Whilst some groups were finding out how much it would cost in petrol to drive to different cities in Europe from Lausanne (where we live), others were trying to find holiday destinations outside of Europe from Geneva Airport that would take less than 10 hours flying time and others were creating ratio maps, this one group enquired into how we use ratios and proportions for recipes.

We began with a pancake recipe and discussed how we can say the ingredients are ratios.

We then thought about what we need to do to make different amounts of pancakes.

I asked the group to give us 3 different amounts and we recorded this on our chart. We thought of making 3, 12 and 30 pancakes.

Asking why we chose those numbers, it was explained that we could calculate the proportions more easily because of their relationship with 6 and 6 was the original recipe we are working with.

It made sense to us.

And it gave me an indicator of where this group were comfortably at with understanding strategies and problem solving these types of questions.

Children are often better teachers for themselves than we are and this helped me see that clearly. They hadn't chosen these numbers just to make it easy because the children in my class enjoy making tricky challenges for themselves and each other. They see proposing challenges as fun- that's the type of culture we have been able to create in our classroom with maths and I think that's mostly because we have stripped away the notion that maths is about getting a correct answer and that maths is actually very serious. Our last unit exploring angles introduced the idea that maths is about playing has really resonated with a lot of children- especially those who might deem themselves as 'not so good' at maths.
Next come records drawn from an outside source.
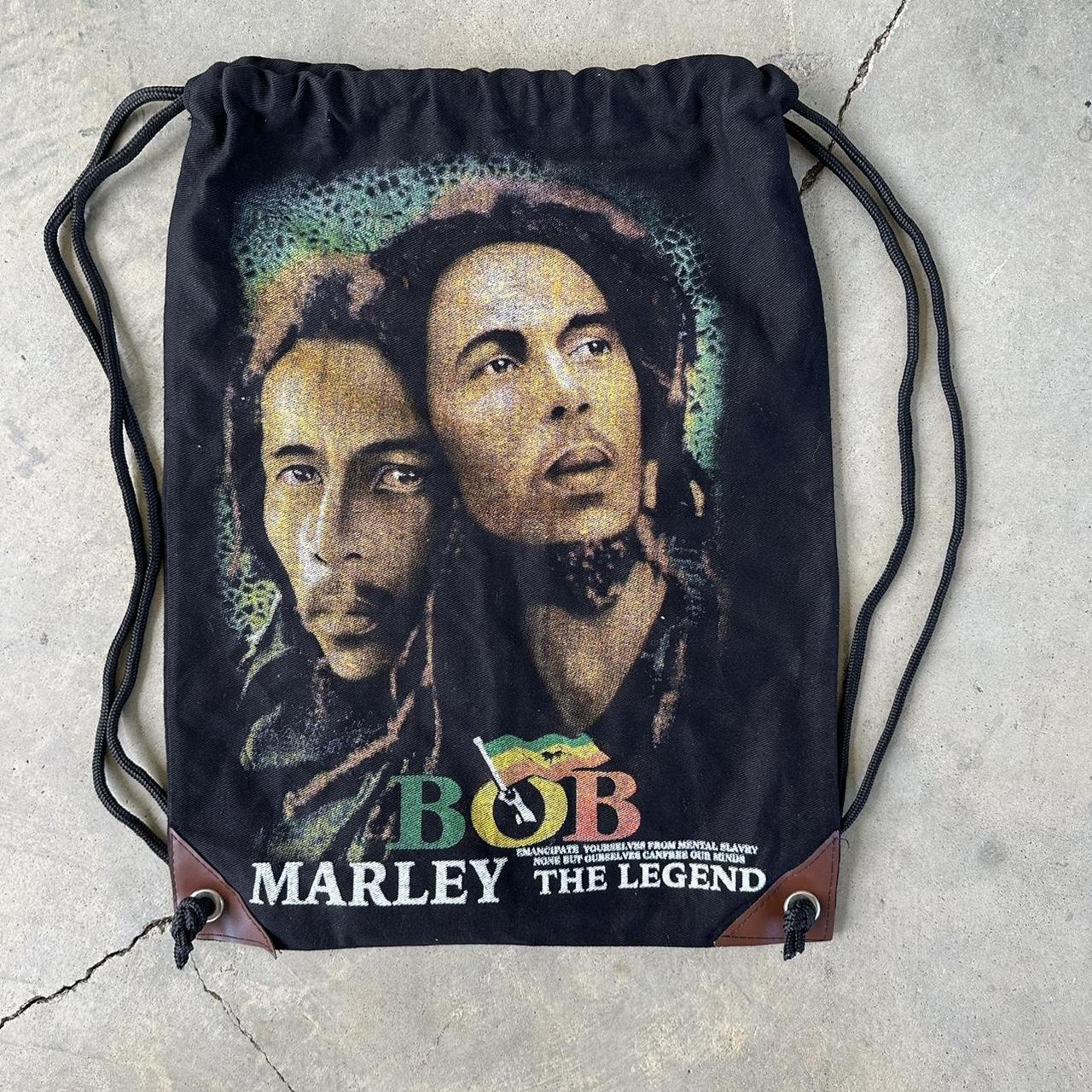 Bob marley hotsell book bag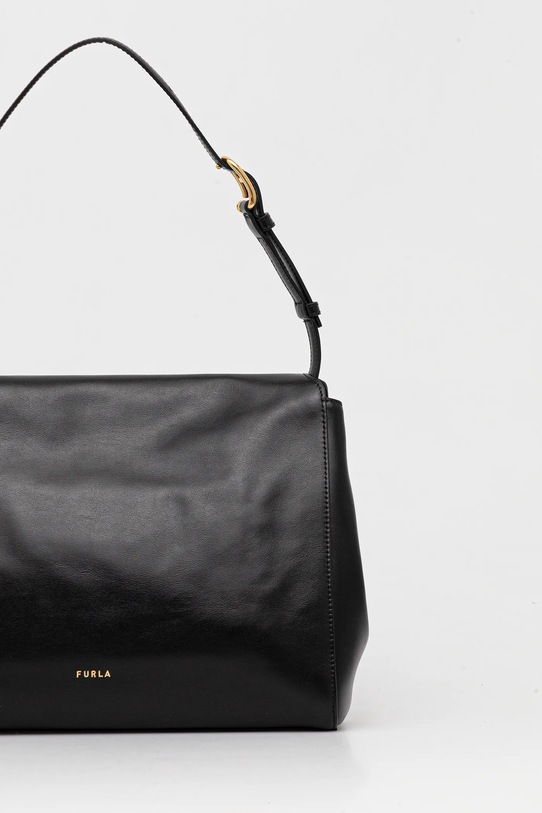 Doplňky Kožená kabelka Furla WB01804.BX4185.O6000 černá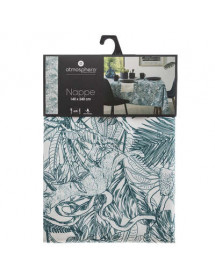 Nappe anti-tache 140 x 240 cm.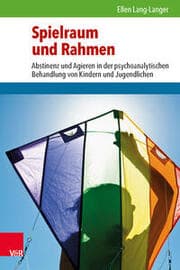 Cover von Spielraum und Rahmen
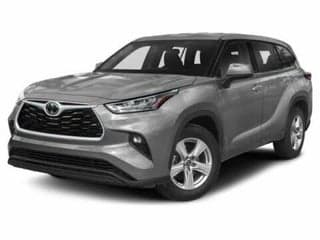 Toyota 2021 Highlander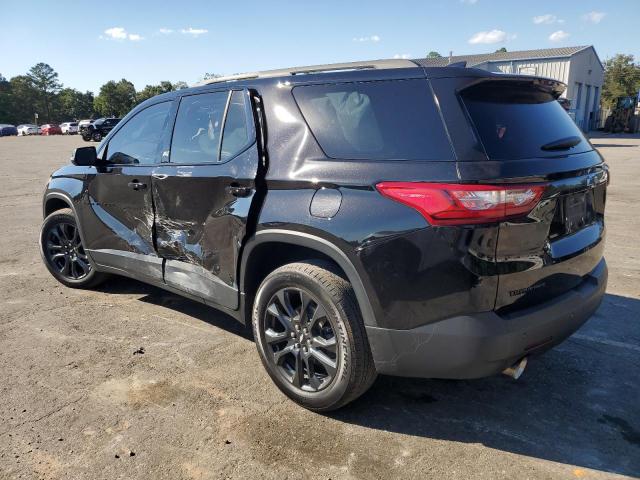 Photo 2 from auction – 2021 CHEVROLET TRAVERSE R with VIN 1GNERJKW8MJ245672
These selected numbers of 3, 12 and 30 told me a lot`

So we started with imagining we only wanted to make 3 pancakes.

What do we need to do with the ingredients?

- Halve them.

Why?

- Because half of 6 is 3.

Do we have any other suggestions?

We didn't, so we halved them all and placed the pictures in the column to help us visualise it.

What if we want to make 12 pancakes?

- We should double the ingredients?

Why?

- Because when we double 6 we get 12.

Can we think of another reason why we should double them?

- Because half of 12 is 6.

Any other ideas?

We didn't so we doubled the ingredients placing the images in the column.

Let's take a close look at our pictures. Do the proportions make sense when we compare them to the original recipe? We thought they did.

Let's say we have some guests at our house so now we want to make 30 pancakes.

What do we need to do to the ingredients in our recipe?

Quite a few different suggestions were shared:

- We can't do it because doubling 12 is 24.

- We could create a ratio table and see what we get when we reach 30.

- We should multiply the ingredients by 5 because 30 divided by 6 is 5.

- We could multiply the ingredients by 10 to make 60 pancakes and then halve them to make 30.

Listening to all our suggestions, what new thoughts do we have?

We shared our thoughts using reasoning skills. Which strategies made sense to us, which seemed easier to do etc?

We decided that the multiplying by 5 made sense but we needed to prove if it really does work.

So, we went through each ingredient and multiplied them by 5.

To help us visualise what we are doing when we calculate proportions, we looked at our recipe and compared it to the 30 pancakes proportions.

When we look at this, do they make sense to us?

We all agreed they did.

Were making the quantities of 3, 12 and 30 pancakes easy or challenging for us?

We felt 3 and 12 were easy and 30 for some was a bit challenging, but not for others.

What number of pancakes would be really challenging for us to solve do we think?

- 32

- 7

- 1

- half a pancake

- a quarter of a pancake

I thought this question was an interesting way for us to think more deeply about why 3, 12, and 30 weren't that tricky and so it would help us to further understand that with ratios & proportions, we are thinking about how numbers relate to each other.

We thought the idea of making just 1 pancake was funny, so we went through each ingredient and decided what we needed to do (dividing each by 6).

Next time we explore ratios, what would you like to do?

A few of us wanted to continue with the pancake recipe and try to find strategies to make 32, 7 and 1/2 a pancake.

A few wanted to find other recipes and find ways to make different amounts of it.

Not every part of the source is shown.